▶ [What is needed]
Please print only the top portion of the entries below, ending with the line that contains "ASICS Gel-NYC Glacier Grey Black", exactly as written.
+++ Records for processing +++
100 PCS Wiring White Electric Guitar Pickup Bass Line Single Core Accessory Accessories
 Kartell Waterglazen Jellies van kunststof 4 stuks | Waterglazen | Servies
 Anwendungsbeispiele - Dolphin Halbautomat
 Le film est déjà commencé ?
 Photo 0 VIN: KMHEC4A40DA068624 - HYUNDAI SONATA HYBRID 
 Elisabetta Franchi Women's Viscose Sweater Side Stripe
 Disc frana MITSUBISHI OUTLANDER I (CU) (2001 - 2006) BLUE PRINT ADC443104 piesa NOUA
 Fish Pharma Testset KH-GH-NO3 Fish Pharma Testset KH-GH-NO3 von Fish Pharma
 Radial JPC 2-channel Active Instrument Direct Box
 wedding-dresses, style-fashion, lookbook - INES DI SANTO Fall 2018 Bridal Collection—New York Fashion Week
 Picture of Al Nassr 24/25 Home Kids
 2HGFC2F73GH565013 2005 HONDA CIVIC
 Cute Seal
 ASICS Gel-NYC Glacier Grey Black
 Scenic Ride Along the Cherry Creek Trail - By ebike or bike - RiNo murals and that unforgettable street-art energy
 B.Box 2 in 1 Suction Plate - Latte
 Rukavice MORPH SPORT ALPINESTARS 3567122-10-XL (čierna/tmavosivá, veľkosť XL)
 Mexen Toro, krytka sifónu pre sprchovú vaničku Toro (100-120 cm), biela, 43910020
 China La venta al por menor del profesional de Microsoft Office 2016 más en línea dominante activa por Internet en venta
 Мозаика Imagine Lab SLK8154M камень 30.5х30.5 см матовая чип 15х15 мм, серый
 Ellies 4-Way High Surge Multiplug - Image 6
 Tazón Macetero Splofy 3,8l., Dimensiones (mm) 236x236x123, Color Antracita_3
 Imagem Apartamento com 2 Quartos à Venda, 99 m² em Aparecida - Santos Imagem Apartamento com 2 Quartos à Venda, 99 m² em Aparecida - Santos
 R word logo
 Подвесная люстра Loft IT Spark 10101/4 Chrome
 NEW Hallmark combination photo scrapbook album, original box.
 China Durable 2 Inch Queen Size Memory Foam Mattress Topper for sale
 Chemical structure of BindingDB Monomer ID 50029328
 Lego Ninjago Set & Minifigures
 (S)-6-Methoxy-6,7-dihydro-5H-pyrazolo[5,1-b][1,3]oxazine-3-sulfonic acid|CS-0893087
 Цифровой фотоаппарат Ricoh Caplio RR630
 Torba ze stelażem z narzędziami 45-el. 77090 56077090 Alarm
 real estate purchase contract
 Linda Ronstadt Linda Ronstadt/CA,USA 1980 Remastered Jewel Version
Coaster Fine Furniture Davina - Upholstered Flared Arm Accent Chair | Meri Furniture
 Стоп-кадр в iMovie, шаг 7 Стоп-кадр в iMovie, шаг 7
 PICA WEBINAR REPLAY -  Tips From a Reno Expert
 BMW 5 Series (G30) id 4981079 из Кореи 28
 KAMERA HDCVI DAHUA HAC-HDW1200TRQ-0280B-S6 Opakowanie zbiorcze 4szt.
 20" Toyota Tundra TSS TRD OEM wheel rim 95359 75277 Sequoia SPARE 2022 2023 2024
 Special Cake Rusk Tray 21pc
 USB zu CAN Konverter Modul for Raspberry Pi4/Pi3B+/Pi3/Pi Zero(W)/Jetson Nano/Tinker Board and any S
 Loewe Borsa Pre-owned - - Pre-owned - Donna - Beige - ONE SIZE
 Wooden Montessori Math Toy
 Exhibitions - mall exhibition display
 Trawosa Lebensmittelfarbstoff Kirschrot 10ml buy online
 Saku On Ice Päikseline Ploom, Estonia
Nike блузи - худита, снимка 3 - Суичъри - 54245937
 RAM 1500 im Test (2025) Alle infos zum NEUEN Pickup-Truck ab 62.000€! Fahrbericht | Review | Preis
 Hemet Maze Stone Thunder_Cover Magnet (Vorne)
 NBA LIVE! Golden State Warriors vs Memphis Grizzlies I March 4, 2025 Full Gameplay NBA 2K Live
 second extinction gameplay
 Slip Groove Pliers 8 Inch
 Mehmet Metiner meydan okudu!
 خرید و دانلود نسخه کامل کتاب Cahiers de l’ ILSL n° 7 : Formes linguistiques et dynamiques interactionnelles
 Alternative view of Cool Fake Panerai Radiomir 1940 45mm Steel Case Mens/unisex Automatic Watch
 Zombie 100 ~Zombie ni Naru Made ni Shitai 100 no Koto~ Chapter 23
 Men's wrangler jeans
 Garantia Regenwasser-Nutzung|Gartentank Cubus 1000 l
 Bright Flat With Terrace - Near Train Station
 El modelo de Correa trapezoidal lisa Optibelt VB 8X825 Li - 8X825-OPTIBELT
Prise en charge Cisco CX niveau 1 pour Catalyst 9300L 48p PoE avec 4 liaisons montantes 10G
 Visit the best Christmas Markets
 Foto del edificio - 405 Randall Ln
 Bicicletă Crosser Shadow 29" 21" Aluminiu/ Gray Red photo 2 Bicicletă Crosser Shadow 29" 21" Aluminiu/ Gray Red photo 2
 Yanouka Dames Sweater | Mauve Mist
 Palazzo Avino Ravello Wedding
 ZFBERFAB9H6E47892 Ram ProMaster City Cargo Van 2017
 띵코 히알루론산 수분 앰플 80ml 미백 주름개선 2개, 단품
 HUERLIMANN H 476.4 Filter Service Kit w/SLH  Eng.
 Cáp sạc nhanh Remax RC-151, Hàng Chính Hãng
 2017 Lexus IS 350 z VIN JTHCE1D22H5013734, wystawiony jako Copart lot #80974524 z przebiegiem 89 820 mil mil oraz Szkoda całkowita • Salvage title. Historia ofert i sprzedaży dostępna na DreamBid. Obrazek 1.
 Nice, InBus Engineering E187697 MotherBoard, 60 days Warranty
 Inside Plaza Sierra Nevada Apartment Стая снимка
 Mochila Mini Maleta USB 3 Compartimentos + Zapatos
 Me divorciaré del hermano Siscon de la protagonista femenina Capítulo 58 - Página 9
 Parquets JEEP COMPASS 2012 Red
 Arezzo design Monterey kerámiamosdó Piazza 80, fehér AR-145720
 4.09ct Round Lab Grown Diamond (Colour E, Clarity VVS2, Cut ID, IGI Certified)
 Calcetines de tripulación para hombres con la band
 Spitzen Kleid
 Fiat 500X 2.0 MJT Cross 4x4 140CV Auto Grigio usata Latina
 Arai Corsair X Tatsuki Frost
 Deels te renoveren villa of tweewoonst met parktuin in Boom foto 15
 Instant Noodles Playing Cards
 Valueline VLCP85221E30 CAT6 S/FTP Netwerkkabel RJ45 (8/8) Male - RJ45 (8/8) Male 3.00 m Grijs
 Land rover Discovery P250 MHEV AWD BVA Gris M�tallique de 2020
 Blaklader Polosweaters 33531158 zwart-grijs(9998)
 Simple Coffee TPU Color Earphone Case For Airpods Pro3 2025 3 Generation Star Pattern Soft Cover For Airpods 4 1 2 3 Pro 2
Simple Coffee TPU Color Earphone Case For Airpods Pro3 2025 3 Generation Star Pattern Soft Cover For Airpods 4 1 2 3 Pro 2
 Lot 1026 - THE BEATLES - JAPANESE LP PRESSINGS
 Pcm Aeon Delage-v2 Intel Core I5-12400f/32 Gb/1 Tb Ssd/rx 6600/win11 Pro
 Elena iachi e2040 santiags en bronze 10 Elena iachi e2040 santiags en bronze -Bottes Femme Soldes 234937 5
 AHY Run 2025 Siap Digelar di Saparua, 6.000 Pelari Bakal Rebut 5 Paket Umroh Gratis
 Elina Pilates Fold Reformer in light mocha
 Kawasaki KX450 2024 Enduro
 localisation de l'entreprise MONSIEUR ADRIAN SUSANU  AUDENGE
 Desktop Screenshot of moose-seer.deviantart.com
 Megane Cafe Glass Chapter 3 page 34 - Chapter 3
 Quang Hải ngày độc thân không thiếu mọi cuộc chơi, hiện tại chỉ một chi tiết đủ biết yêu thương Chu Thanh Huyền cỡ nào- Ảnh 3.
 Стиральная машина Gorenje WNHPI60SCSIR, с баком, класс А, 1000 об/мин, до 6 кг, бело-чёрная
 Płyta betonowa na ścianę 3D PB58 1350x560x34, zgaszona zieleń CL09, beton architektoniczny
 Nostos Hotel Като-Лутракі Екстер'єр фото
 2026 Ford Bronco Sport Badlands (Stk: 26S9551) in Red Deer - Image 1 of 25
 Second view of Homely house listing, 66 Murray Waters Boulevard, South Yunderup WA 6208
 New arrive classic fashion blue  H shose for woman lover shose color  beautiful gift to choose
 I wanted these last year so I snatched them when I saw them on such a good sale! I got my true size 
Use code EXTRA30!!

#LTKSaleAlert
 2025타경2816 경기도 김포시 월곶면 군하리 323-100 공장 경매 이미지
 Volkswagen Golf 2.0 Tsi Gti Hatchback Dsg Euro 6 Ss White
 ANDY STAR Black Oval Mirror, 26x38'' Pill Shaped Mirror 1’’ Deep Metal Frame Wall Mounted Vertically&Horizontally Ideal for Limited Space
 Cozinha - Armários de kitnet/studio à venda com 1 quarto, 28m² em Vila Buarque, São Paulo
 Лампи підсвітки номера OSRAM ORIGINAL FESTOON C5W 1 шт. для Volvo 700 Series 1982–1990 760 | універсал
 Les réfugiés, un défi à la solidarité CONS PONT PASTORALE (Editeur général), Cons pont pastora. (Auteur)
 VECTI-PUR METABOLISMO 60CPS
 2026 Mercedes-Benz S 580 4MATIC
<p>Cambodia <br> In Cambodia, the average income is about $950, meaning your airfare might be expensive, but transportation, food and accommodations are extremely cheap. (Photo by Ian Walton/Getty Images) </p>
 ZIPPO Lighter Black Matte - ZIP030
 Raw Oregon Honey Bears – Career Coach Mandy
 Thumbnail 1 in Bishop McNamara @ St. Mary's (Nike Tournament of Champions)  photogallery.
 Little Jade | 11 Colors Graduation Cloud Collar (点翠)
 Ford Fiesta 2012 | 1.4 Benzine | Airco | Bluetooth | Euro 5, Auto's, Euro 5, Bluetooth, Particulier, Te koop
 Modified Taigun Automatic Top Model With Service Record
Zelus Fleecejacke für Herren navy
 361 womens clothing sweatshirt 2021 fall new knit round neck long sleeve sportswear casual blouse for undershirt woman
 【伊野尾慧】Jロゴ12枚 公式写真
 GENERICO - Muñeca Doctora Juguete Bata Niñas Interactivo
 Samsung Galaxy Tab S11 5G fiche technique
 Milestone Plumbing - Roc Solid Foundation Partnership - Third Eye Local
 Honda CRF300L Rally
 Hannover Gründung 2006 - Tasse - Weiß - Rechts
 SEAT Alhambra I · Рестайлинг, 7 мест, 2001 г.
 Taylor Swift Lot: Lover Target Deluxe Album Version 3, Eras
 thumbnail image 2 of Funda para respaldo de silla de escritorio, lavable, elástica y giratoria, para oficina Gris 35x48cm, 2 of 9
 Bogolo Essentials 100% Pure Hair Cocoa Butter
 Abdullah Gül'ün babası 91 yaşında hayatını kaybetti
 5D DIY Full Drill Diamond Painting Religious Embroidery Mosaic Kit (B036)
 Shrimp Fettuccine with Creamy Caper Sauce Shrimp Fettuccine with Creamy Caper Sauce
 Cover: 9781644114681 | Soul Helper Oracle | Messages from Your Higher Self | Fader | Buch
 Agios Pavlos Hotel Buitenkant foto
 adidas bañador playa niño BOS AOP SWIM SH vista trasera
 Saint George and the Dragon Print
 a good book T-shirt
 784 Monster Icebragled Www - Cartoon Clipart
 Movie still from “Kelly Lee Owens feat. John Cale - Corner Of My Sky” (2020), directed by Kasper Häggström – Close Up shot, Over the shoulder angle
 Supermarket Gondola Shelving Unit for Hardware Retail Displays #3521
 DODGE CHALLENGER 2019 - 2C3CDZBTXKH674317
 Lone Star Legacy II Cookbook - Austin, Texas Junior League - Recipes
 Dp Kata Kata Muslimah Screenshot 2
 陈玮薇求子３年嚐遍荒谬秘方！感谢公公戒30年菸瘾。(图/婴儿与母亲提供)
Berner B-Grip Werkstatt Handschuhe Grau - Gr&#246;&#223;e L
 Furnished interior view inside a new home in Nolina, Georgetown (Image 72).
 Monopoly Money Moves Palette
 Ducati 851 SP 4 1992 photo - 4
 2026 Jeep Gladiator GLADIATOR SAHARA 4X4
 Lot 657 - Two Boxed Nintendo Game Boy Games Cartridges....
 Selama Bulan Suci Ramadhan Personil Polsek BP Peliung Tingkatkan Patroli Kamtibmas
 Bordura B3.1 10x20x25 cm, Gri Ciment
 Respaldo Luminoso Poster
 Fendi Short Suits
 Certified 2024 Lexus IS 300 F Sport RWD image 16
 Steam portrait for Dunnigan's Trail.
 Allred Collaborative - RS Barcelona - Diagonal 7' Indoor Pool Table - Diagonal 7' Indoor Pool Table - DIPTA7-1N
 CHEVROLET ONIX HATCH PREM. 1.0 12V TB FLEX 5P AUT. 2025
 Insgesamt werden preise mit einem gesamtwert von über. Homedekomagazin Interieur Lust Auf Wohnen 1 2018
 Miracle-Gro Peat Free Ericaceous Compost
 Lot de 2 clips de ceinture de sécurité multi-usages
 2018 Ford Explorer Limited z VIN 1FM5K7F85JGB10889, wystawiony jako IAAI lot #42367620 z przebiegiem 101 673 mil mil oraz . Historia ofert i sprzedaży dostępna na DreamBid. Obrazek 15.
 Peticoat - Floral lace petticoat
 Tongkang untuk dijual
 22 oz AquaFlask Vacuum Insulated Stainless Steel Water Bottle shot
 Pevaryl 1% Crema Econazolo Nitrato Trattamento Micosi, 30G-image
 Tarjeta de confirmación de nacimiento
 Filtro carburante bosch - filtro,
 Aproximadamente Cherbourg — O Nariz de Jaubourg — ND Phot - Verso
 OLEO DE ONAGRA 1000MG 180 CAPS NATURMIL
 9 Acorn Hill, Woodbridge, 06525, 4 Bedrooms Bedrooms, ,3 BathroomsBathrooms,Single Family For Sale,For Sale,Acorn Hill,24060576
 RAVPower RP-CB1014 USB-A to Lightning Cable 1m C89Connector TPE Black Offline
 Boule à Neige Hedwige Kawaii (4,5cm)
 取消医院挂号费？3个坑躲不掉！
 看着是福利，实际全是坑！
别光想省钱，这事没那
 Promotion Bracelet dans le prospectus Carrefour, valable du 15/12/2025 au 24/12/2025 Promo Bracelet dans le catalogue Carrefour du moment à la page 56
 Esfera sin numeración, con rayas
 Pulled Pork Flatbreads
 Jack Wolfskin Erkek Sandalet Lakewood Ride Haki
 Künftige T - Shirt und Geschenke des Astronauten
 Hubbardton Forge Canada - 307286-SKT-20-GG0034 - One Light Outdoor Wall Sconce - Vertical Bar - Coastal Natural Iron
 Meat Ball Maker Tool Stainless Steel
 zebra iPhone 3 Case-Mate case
+++
▶ [Answer space]
100 PCS Wiring White Electric Guitar Pickup Bass Line Single Core Accessory Accessories
 Kartell Waterglazen Jellies van kunststof 4 stuks | Waterglazen | Servies
 Anwendungsbeispiele - Dolphin Halbautomat
 Le film est déjà commencé ?
 Photo 0 VIN: KMHEC4A40DA068624 - HYUNDAI SONATA HYBRID 
 Elisabetta Franchi Women's Viscose Sweater Side Stripe
 Disc frana MITSUBISHI OUTLANDER I (CU) (2001 - 2006) BLUE PRINT ADC443104 piesa NOUA
 Fish Pharma Testset KH-GH-NO3 Fish Pharma Testset KH-GH-NO3 von Fish Pharma
 Radial JPC 2-channel Active Instrument Direct Box
 wedding-dresses, style-fashion, lookbook - INES DI SANTO Fall 2018 Bridal Collection—New York Fashion Week
 Picture of Al Nassr 24/25 Home Kids
 2HGFC2F73GH565013 2005 HONDA CIVIC
 Cute Seal
 ASICS Gel-NYC Glacier Grey Black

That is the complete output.